In contrast to Ron, Kevin Banfield (Towson,MD) was a short stocky iron worker who sold insurance on the side and did youth ministry for free. He and his wife Mary-Beth were a team. Kevin would share a devotional and Mary-Beth would reaffirm it with an object lesson. Kevin also worked at a typical program driven church with Sunday School, Wednesday night Bible study, youth choir, etc… Kevin, like Ron, did many big events. Further, Kevin and his family dedicated every Friday night to the youth group. They opened the gym at the church every Friday from 7-11pm. Kevin would sit in a chair in our youth room and just listen to students. Nothing was planned, nothing was programmed, occasionally he had a game to play. At 10pm he would call everyone into the youth room for a 15 minute devotional. There was little to no organization and it was AWESOME!
Kevin never locked his door, his door was always open, and he never turned you away. If his door was locked, the key would be in the bird bath or some other, not so obscure, hiding place. (not to mention you could unlock most things in his house and even start his car with a screwdriver.) He would sit and listen to students talk for hours, he would occasionally remind me that I shouldn’t tell girls to “suck it up, we got a job to do,” he was just kind of there. He loved us and we knew it. Kevin was not a fantastic teacher. He was not a deep theologian. He was not consistently organizing things for us to do (or at least that wasn’t the crux of his ministry). Kevin was not a man who you heard preach and said, “I’d like to listen to some more of that!” No… Kevin was the guy who sat in a chair and listened and laughed with you as you talked about whatever. He loved his wife and you could see it because you were around them. He made you feel like you were loved and he could pretty much listen to whatever you said without making you feel horrible. Then he would challenge you with some question like, “How can we encourage (insert name of person you just ignored) to be like Jesus?”

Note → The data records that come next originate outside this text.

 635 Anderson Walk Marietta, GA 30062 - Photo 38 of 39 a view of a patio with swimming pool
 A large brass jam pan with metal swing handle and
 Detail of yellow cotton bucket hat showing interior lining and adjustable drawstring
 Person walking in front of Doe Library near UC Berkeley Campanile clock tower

Kevin is the reason I take students to lunch. He is the one who taught me that the relationships you can develop with a few students are far more powerful in the kingdom than the sermon you can preach to 60. Sometimes I forget this truth and become absorbed with teaching. But, something always reminds me of sitting on that ratty furniture in our youth room talking to Kevin about Jesus while simultaneously feeling deep conviction over my selfish living. So I try to take students individually to get sodas from time to time. Just to listen and occasionally to deal with some issue. (Just a side note: if you’re wondering why I’ve never taken your child out, just give me time… or you can ask me to. Likewise, you can ask me not to, some parents prefer that, I won’t be offended. Also, I ask other female leaders in the church to take out the girls. It’s just not right for a man, who is not her father, to take a 15 year old girl for a soda.)